1. Define the terms ‘pharmacokinetics’ and ‘pharmacodynamics’.
2. What is meant by ‘plasma protein binding’? In your answer, explain the effects that plasma protein binding has on the metabolism and elimination of protein bound drugs.
3. Why should aspirin not normally be administered to a patient who is taking a course of the anticoagulant drug, warfarin?
4. Explain the ‘hepatic first pass effect’. Why is it important to consider this effect when administering drugs orally?
5. Morphine, a narcotic analgesic, has a half-life of about 2 -3 hours. The half-life of naloxone (Narcan), the “antidote” for narcotic overdose, is approximately 1 hour. What does the term ‘half-life’ mean, and what implications does this information have for the prescribers of these drugs?
6. What is meant by ‘steady state’ concentrations of a drug? Explain how and when a steady state is achieved.
7. Describe the characteristics and properties of enzymes. What is the difference between competitive and non-competitive enzyme inhibition? Give one example for each.
8. What happens when a drug acts as an ‘antagonist’? Explain how atropine, an anticholinergic, acts as an antagonist at cholinergic receptors. What are the effects of atropine on the human body?
9. Describe the drug interactions which may occur when the following drugs and/or other substances are administered concurrently:
a. phenelzine and broad beans or cheIDar cheese
b. tetracyclines and antacids
c. alcohol and diazepam
Fundamentals of Pharmacology
Mr FT is a 22-year-old man who has been admitted to your hospital emergency department. He has been working as a labourer at a nearby market garden that specialises in growing flowers. He was spraying the crops with the organophosphate insecticide Malathion when he collapsed. He was not wearing the appropriate protective clothing. You observe that he is conscious and complains of gastrointestinal cramps and nausea. He vomited a couple of times in the ambulance as he was transported to hospital. You note the manifestations: profuse sweating, drooling, lacrimation, bradycardia, agitation, muscle twitching and constricted pupils.
Supportive treatment is implemented, which involves respiratory support and the administration of antidotes. His progress is carefully monitored during this critical period. His recovery is without complications. He is discharged from hospital several days later.
1. Underlying this client’s condition is a change in the level of activity of a division of the autonomic nervous system. Which division is affected and what is the nature of the change?
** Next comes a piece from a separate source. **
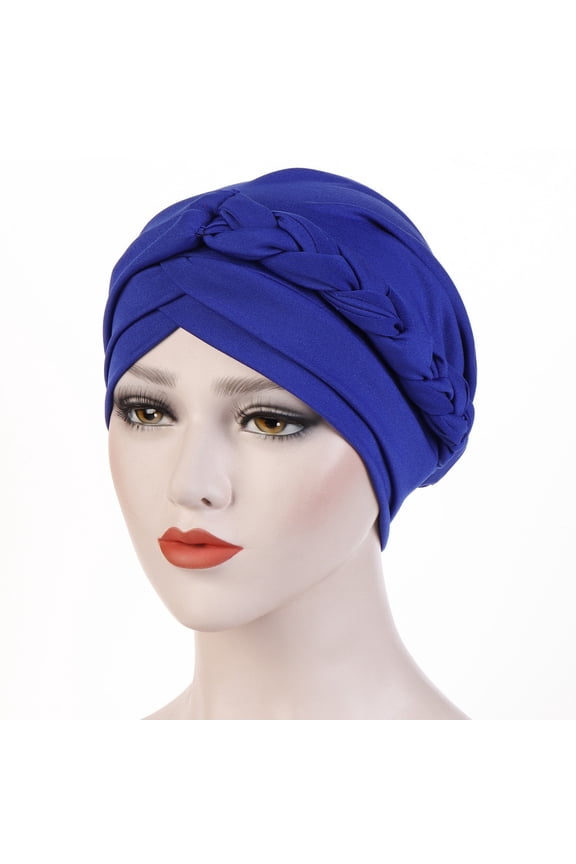 Women Headwrap Turban Chemo Cancer Headwear African Headwrap Hair Pre-Tied Turbans Fashion Head Covering Women Solid Plait Hat Muslim Cancer Turban Wrap Cap Blue One Size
Provide examples of the physiological responses
2. Which type or types of tissue receptor are involved in this condition?
3. Explain the mechanism by which the organophosphate insecticides induce this state?
4. Which clinical drug group do the organophosphate insecticides closely resemble in terms of their action? Why?
5. Which drug group can be used as an antidote to oppose the effects of the insecticide? Why?
BB, a 5-year-old boy with a history of chronic asthma, has been admitted to hospital suffering a moderately severe asthma attack. Over a period of time his condition has been well managed using daily inhalation of the corticosteroid beclomethasone, coupled with inhalation of the Beta2 agonist salbutamol when required. His parents think that this particular attack was brought on by a mild respiratory infection that has been affecting the other members of the family.
Treatment begins with oxygen therapy and a dose of the Beta2 agonist salbutamol via an inhaler and spacer. A dose of hydrocortisone is administered intramuscularly soon after. Inhaler treatment is repeated hourly. After eight hours the acute attack is easing and by 12 hours post admission BB is ready for discharge.
1. Briefly outline the long-term aims of asthma management, the first-line therapy and the preferred treatment of an acute attach according to the National Asthma Campaign.
2. Explain why the mild respiratory infection would be considered a trigger for BB’s asthma attack.
3. What is the rationale for the use of inhaled corticosteroids in the long-term management of BB’s chronic asthma?
a. What short-term adverse effects would you expect to see with inhaled corticosteroids?
b. What short-term adverse effects would you expect to see associated with inhaled B2 agonists?
5. What problem may be associated with the long-term use of inhaled corticosteroid therapy in young children?
6. Why has the health team managing BB’s acute attack used an inhaler and spacer to administer the bronchodilator therapy rather than a nebuliser?
7. How does the systemic administration of the corticosteroid hydrocortisone assist in the recovery after an acute asthma attack?
8. What aspects of your client’s condition would you monitor during this combined therapy? Why?